A Picture Is Worth a Thousand Words

This article came trickling across my wire today and I think it’s absolutely fascinating. It’s a pictorial: one week of groceries in 20 different countries around the globe. Interesting to see how much of that picture is taken up by ingredients, and how much is taken up by processed foods. I’ll say this, I have a hunch as to why Bhutan keeps being named one of the happiest places on earth…

THAT is a whole lot of real food.  It’s an interesting experiment really.  What would your kitchen look like if you spread a week’s worth of groceries around and took a picture? Check out the other 19 countries in the pictorial and see what food looks like around the world.  I’m tempted to include my own picture, but the market trip was a few days ago and the idea of hauling it all out to photo makes me crazy…  but chances are good I’ll be going again… Hmmm, I smell a little real food pictorial coming on.  What’s in your pantry?

Salt, Sugar, Fat – It’s Not You, It’s Them

The release of Michael Moss’ book Salt Sugar Fat: How the Food Giants Hooked Us has prompted a flood of news stories. Moss is a New York Times reporter and a Pulitzer Prize winner. The guy has street cred as an investigator. I’ve not yet read the book; however, I’ve read the excerpt provided by Moss to the NYT Magazine. I also heard Moss interviewed on NPR’s Fresh Air yesterday. Moss’ revelation confirms the worst of my concerns about the producers of processed and convenience foods. The long and short of it is that when you feel like you can’t stop eating Oreo’s, that’s because you very nearly can’t. It’s not you, it’s them.

Moss reveals that in 1999 the Vice President of Kraft addressed CEOs of the other leading food producers and laid out his concerns about the growing obesity crisis and the increasingly clear links between highly processed foods and some of America’s biggest health threats. This individual worried about his industry’s culpability both from a moral and a financial perspective – we could get sued people. The response of his peers? We are responsible to our shareholders.
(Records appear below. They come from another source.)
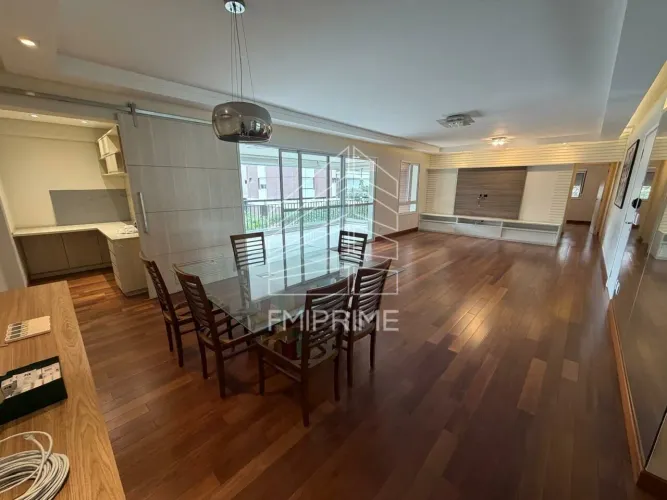 Apto lindo casa das caldeiras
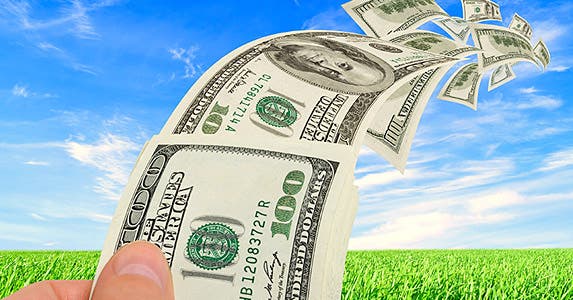 Don't move money around © Rrraum/Shutterstock.com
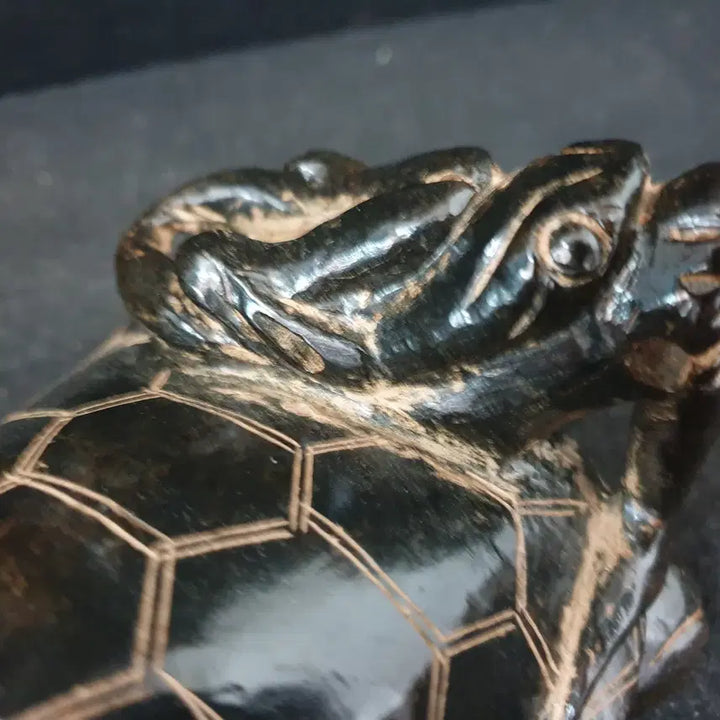 [BUNJANG] Spring and Autumn Period Jade Turtle Statue / (수원만물)출토 춘추시기 화전옥 옥 거북상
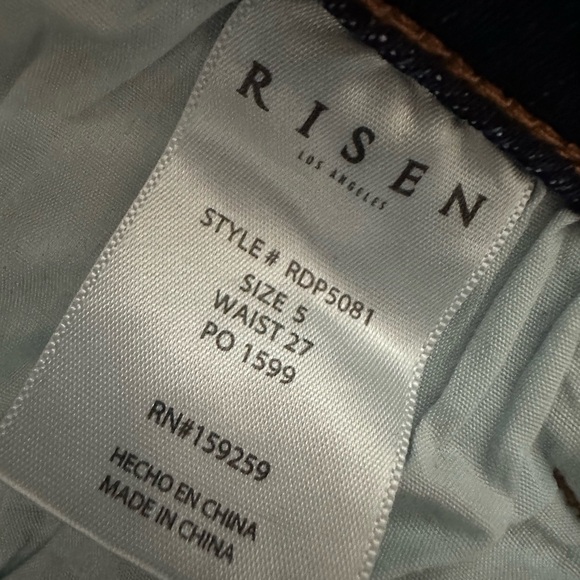 NWT Risen Straight Leg Jeans size 5 - Picture 9 of 11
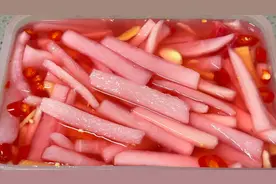 苍蝇馆子最受欢迎的泡萝卜，做法简单配方详细，酸辣脆爽又开胃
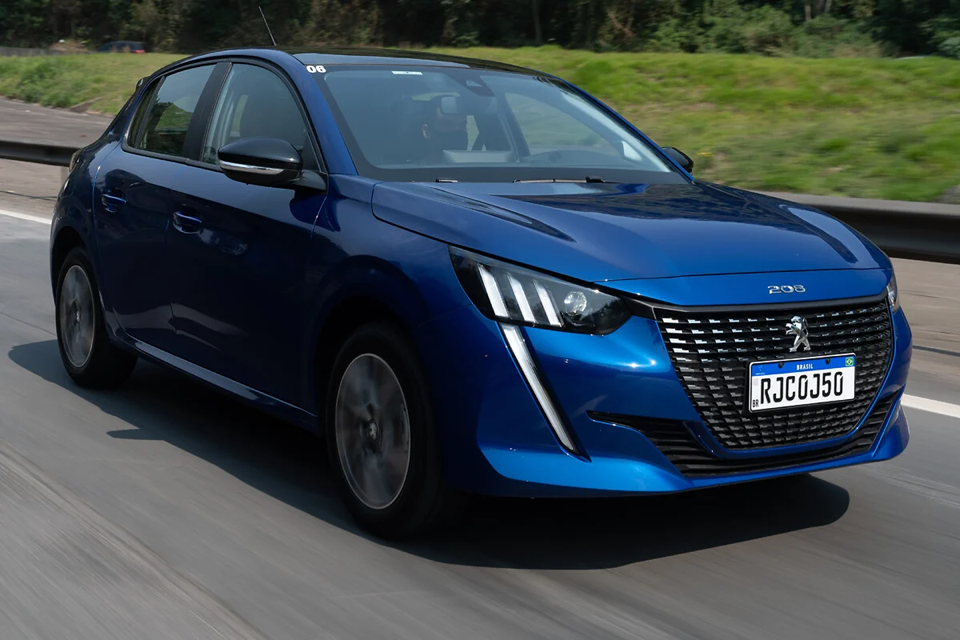 Peugeot 208 em movimento, hatch compacto de design moderno circulando na rua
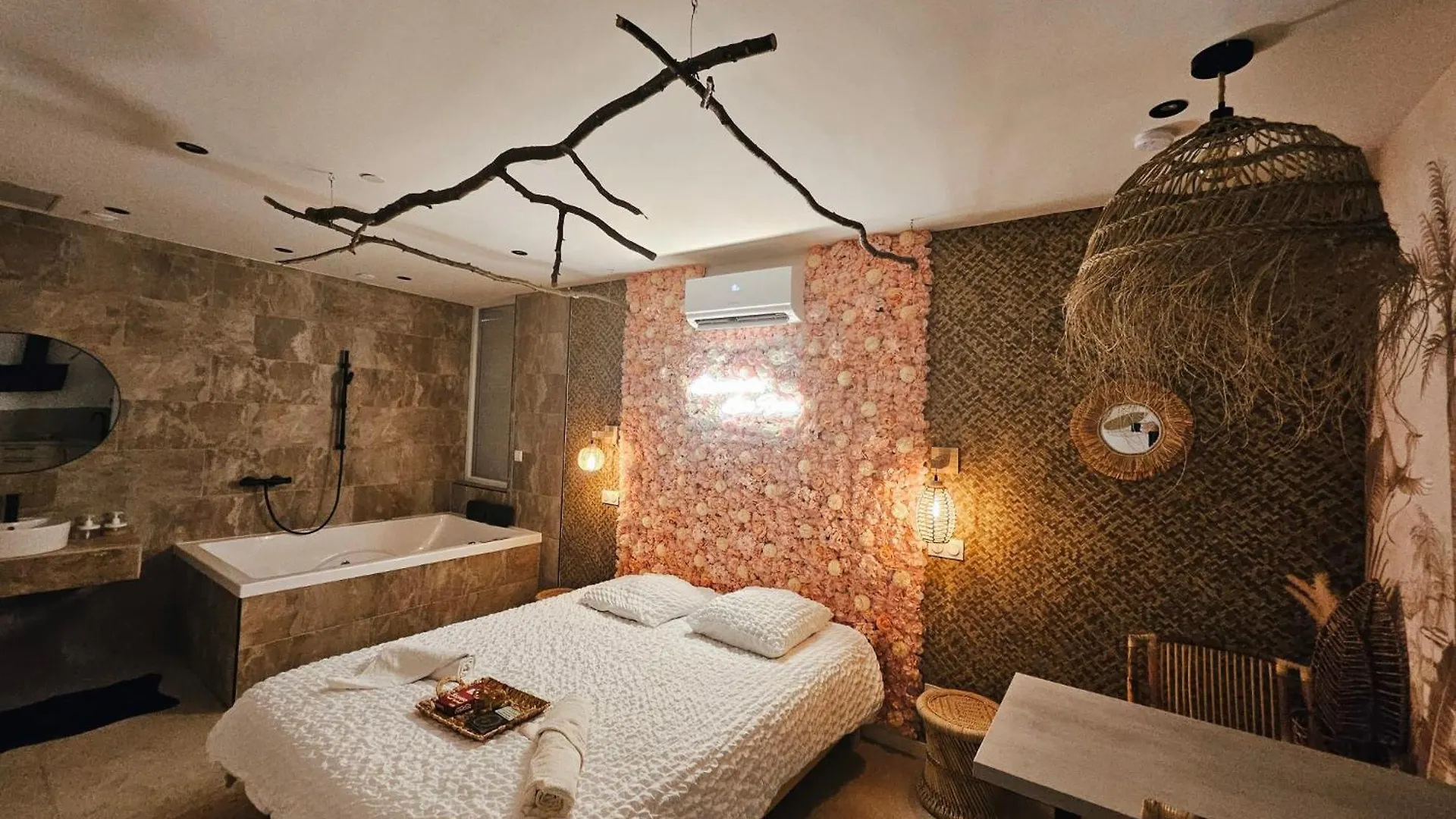 Appartement L'Experience Love Room Saint-Jean-Bonnefonds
We’ve spent a long time figuring out exactly how much salt, sugar and fat to use to ensure that consumers will buy our products and we cannot risk the loss of marketshare that would surely result from a change in practices.  Let me say that part again: we are beholden to our shareholders.  Guess who’s not in that sentence?  You (unless of course you are a majority shareholder in General Mills or something).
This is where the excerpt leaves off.